The most insistent critic of the award and at the same time the most emotionally excited has undoubtedly been the old radio man Kjell Albin Abrahamson. He has raged at us in Expressen, online, on television and has even written a book where the award appeared to be one of the great plagues of his life. This classic warrior of the cold war hates everything that smells like left and ’68 and a special place in his heart and pain has been assigned to the Lenin Award. I myself met this loudly angry debater in SVT’s Debate and it was a surprisingly ill prepared debater, who seemed to be best used to appearing before like-minded people. His commitment is truly genuine, but when emotion gets the upper hand, he tends to vouch for anything that can be blamed on communism. His reputation is probably not the very best in historical circles in Sweden after having put himself as a guarantor to the truth in the later exposed The Long Walk by Slavomir Rawicz.
A serious attempt at discussion and criticism came a few years ago in a major article in Göteborgs-Posten by the important professor of political science Bo Rothstein. His crucial criticism was based on quotes from Lenin during the Civil War, when he often gave murderous directives in tub-thumping terms. As Stefan Lindgren showed in a reply, it is not by the words but by the actions one should judge a historical person, and behind the current quote there was a reality that was far less dramatic. With regard to Lenin’s world-historical effort as a peace maker and defender of the self-determination of small nations and other issues that lead past various possible character flaws, neither did Bo Rothstein have anything to offer. Discussions of this more fundamental kind have only taken place on the cultural page of Aftonbladet, and it’s been mainly up to the newspapers head of culture åsa Linderborg to put Lenin’s efforts into their historical context. The pressure and persecution from politically orthodox anti-communists such as Kristian Gerner and Clas-Göran Karlsson and the whole pack of followers have then become well-organized and massive.
To this unison choir of scolding rather empty on thought, suddenly came from the same side just as many declarations of love to writer Susanna Alakoski, when Dagens Nyheter revealed that she had refused to accept the award for the reason that she did not want to be associated with totalitarian regimes. This has since been repeated with contentment in most contexts where the award has been presented and the question is whether Susanna Alakoski herself has been so pleased with this love from circles that in other contexts hardly have embraced what she has actually written.

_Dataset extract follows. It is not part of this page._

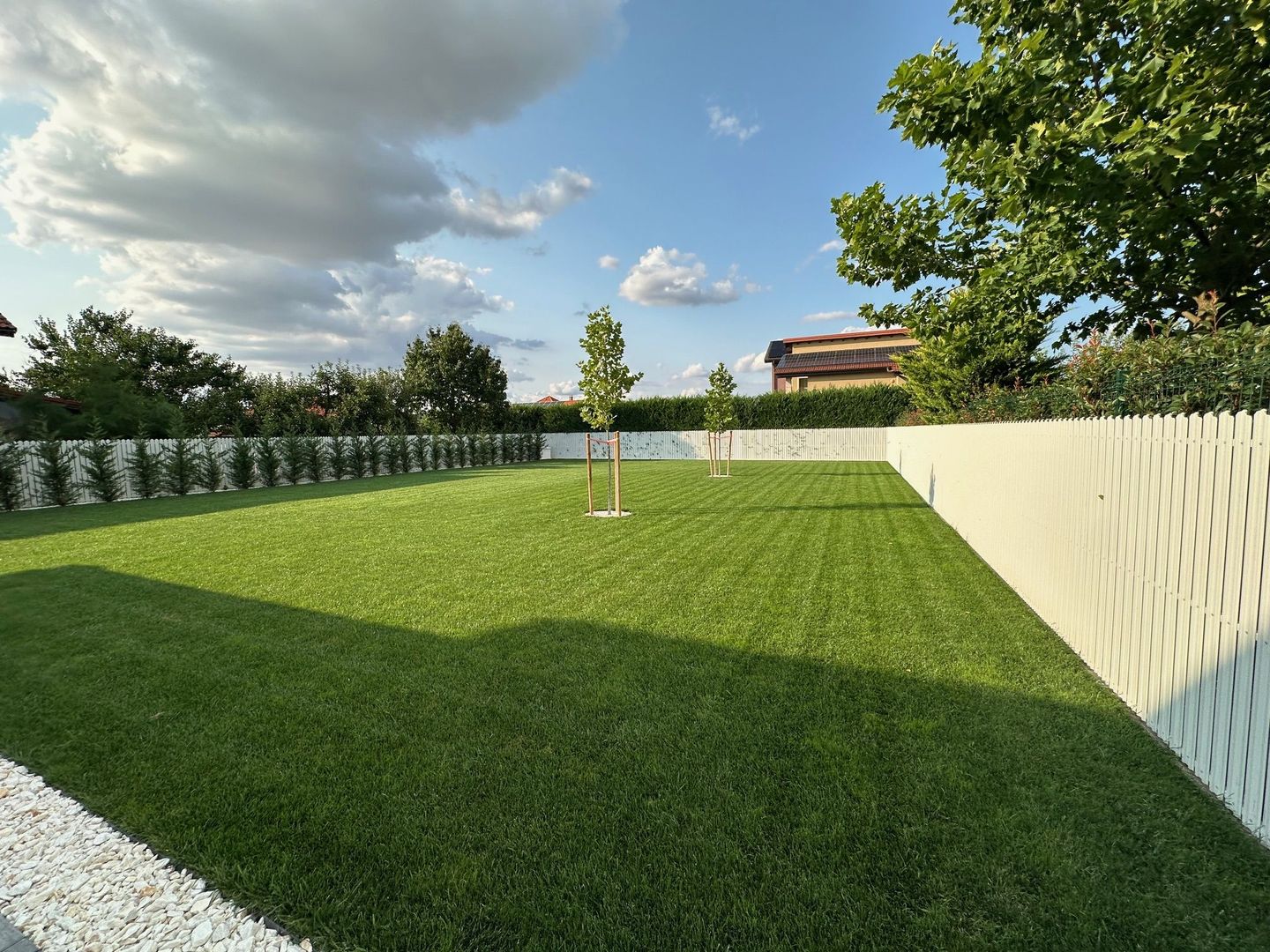 Locuinta individuala cu teren de 1000mp - Poză 10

Since Jan Myrdal’s small prize – the Robespierre Prize was later presented, this has been met with similar tones, but reinforced with a cautionary and slightly patronizing finger pointed at these imprudent youths, who in this way consorted with the detestable old Myrdal-followers.

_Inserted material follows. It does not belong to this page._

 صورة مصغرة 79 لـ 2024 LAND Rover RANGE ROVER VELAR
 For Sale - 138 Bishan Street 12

The unambiguously positive reactions to the award have primarily come from the part of the left with its roots in the ’68 movement. The Communist Party’s newspaper Proletären (The Proletarian) has reported in a versatile and honourable manner, and in Folket i Bild and Clarté one has also been able to read positive comments and reactions. However, as the years have passed, the award despite the resistance and scolding or possibly thanks to it has become increasingly institutionalized and the announcement of the latest award winner was followed not only by an expected spinal cord reflex in Expressen from Gunnar Hökmark, but also by a rather cute feel-good report in TV’s cultural news. This tendency has become even more evident at the local level. The award is regularly given a serious and ample coverage in the local press followed by a dutiful dressing-down on the editorial page. Over the years, the award has also generated a string of letters to the editor of varying quality, both for and against this award. As an old teacher, I think that we in this way have contributed to popular education, albeit with the geographical constraints that arise from the distribution area of Hallands Nyheter. The provincialism when retired grocers then appear as historical authorities probably play a lesser role than the role they play in making the award what it really is today, and what it was originally meant to be, an unpleasantly itching boil in the ass of the potentates of bourgeois history writing.